▶ Task statement
The material below holds pictures; leave them out and reproduce exactly the lines from the one with "Avia A31 1/43, снимка" through the one with "Silent Shores Resort & Spa", inclusive.

▶ Information provided
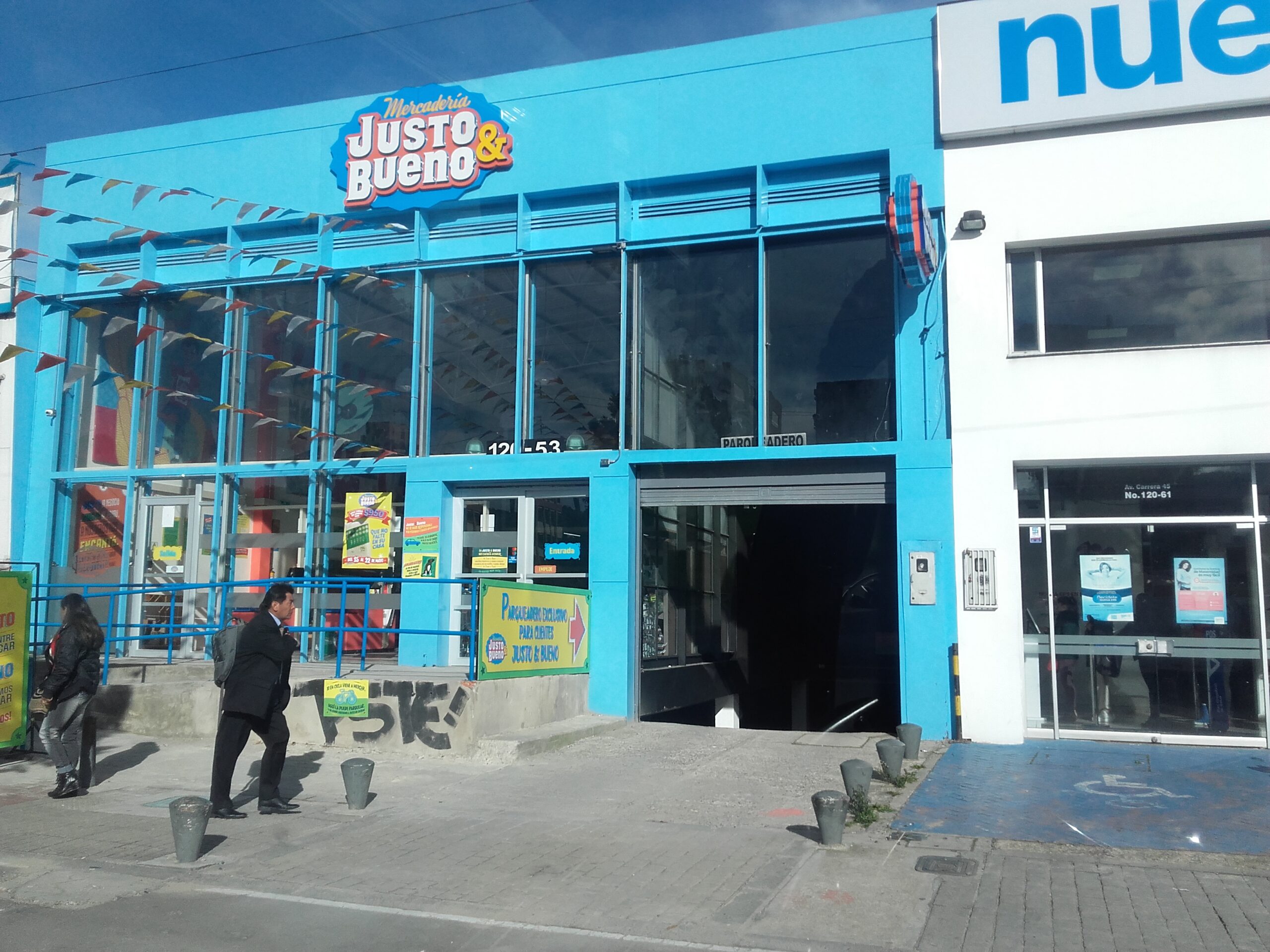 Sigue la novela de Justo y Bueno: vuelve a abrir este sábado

...

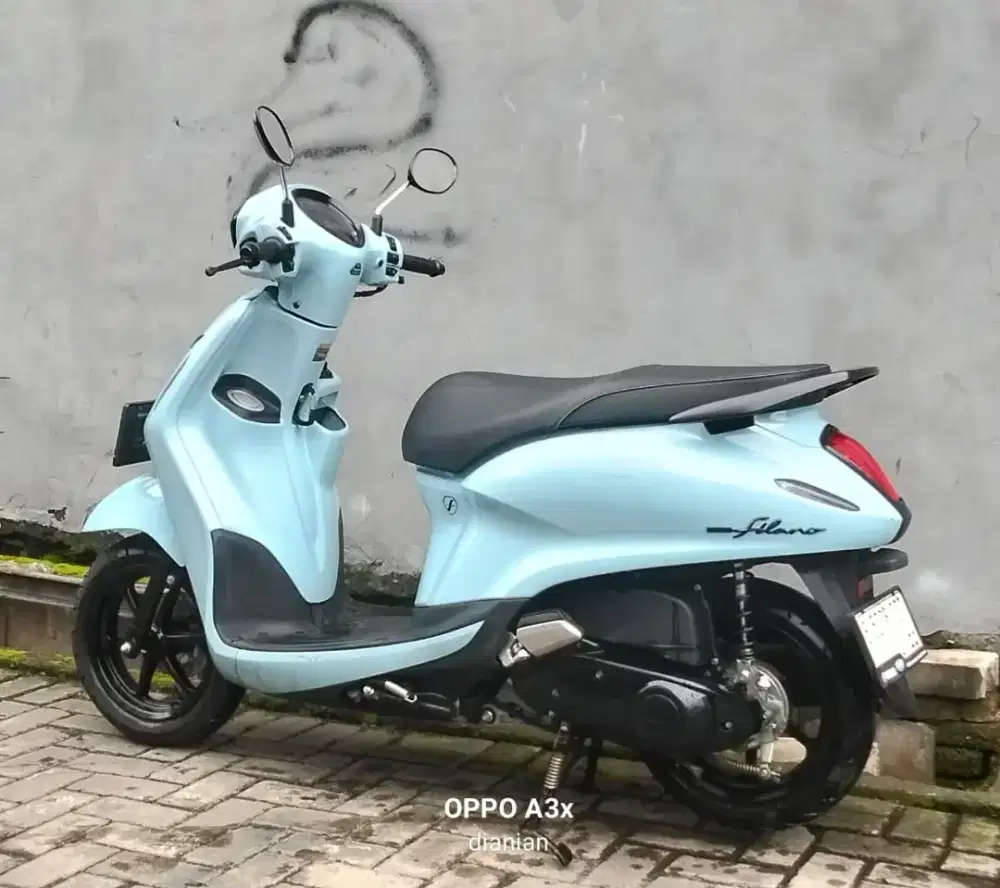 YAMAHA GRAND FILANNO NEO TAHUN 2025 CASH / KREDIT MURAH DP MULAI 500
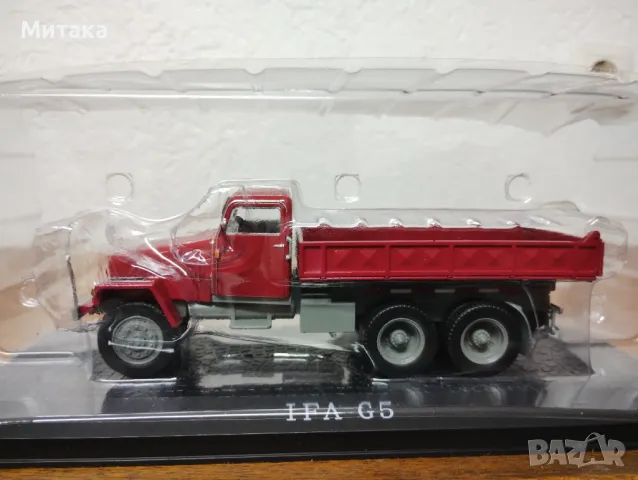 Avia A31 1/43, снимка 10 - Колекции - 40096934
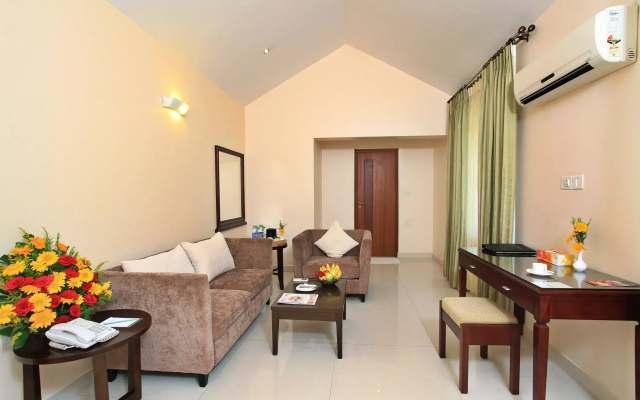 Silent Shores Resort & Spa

▶ Response area
 Avia A31 1/43, снимка 10 - Колекции - 40096934
 Silent Shores Resort & Spa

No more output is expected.